* [What you will do]
Give the data below again exactly as written, but without the pictures.

* [Given data]
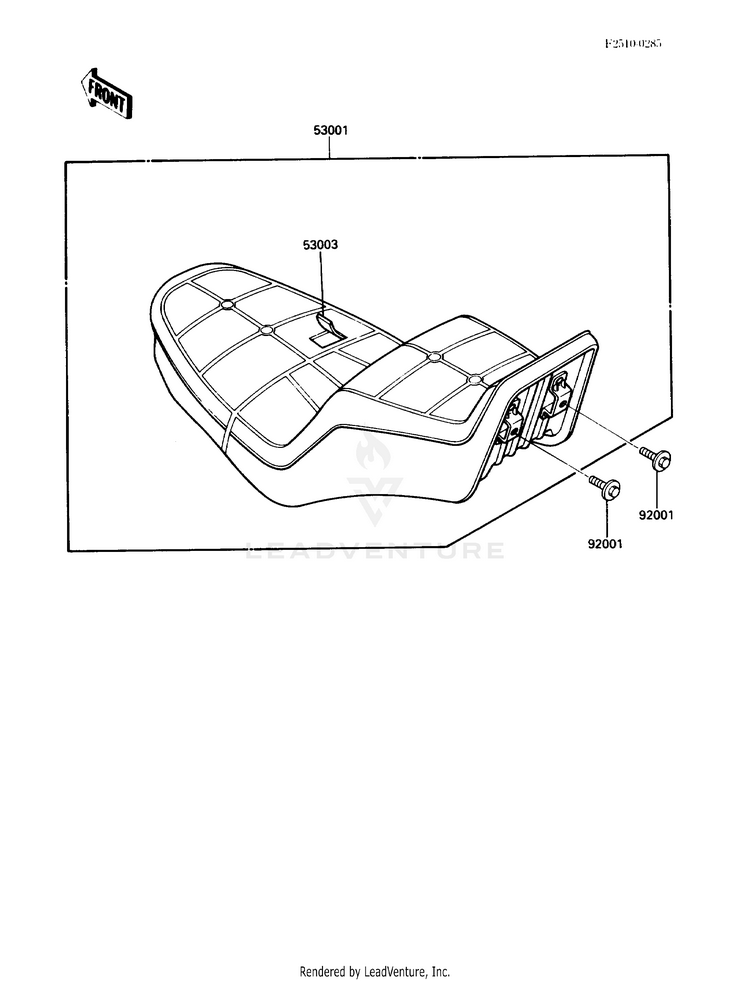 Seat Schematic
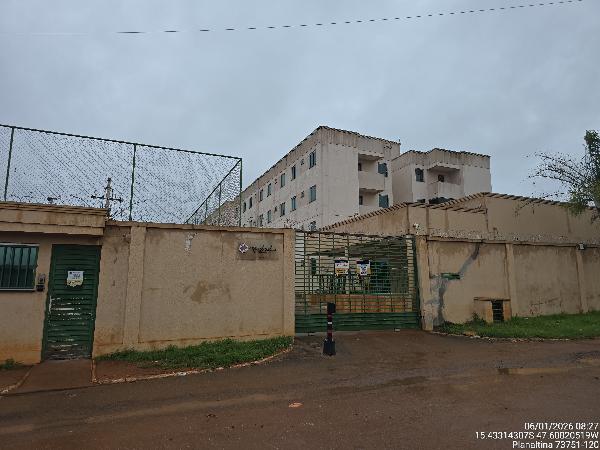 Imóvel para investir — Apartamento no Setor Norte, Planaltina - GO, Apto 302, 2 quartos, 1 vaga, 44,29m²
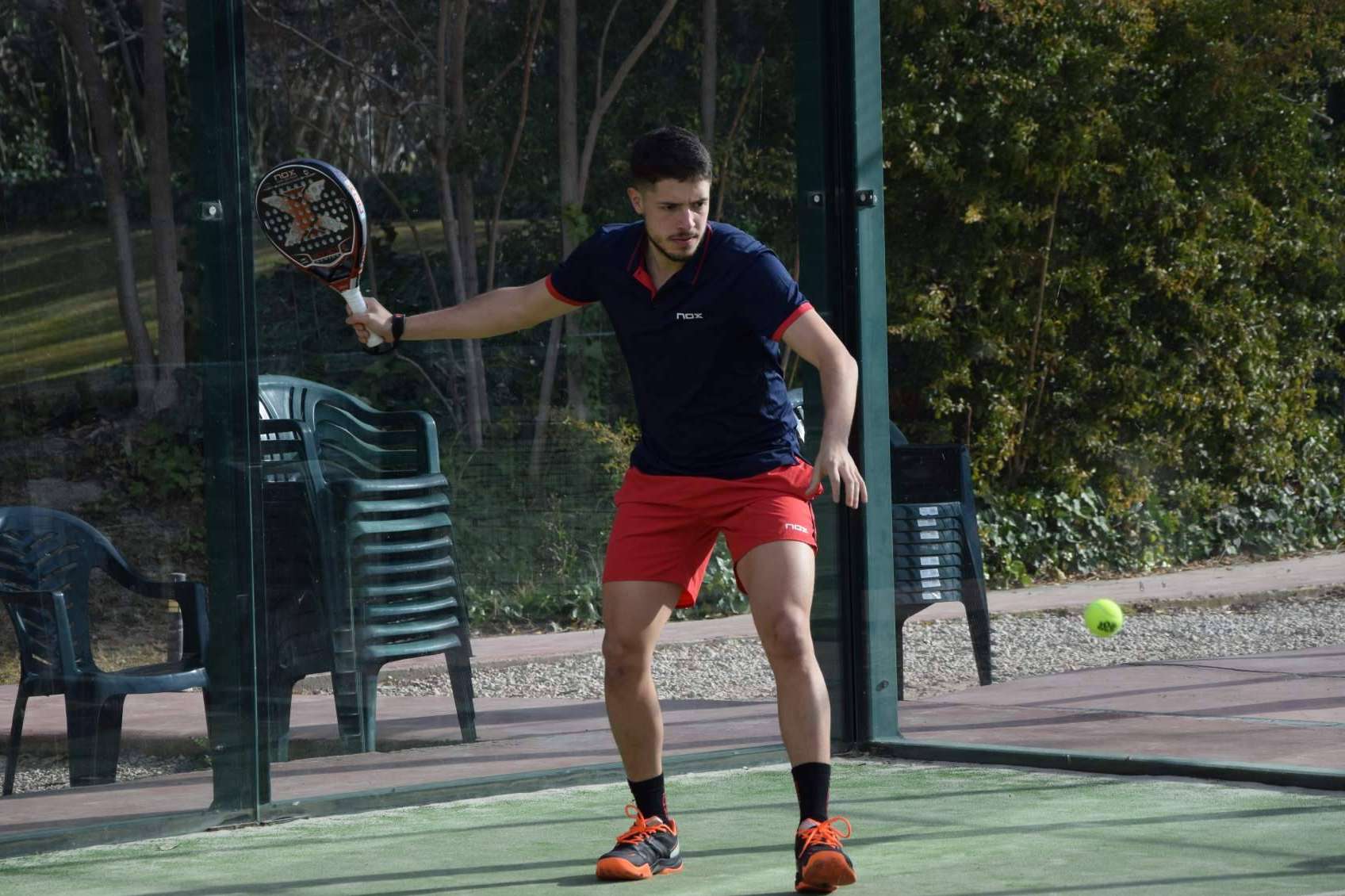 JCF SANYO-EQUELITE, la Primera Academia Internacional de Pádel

* [Exercise output]
 Seat Schematic
 Imóvel para investir — Apartamento no Setor Norte, Planaltina - GO, Apto 302, 2 quartos, 1 vaga, 44,29m²
 JCF SANYO-EQUELITE, la Primera Academia Internacional de Pádel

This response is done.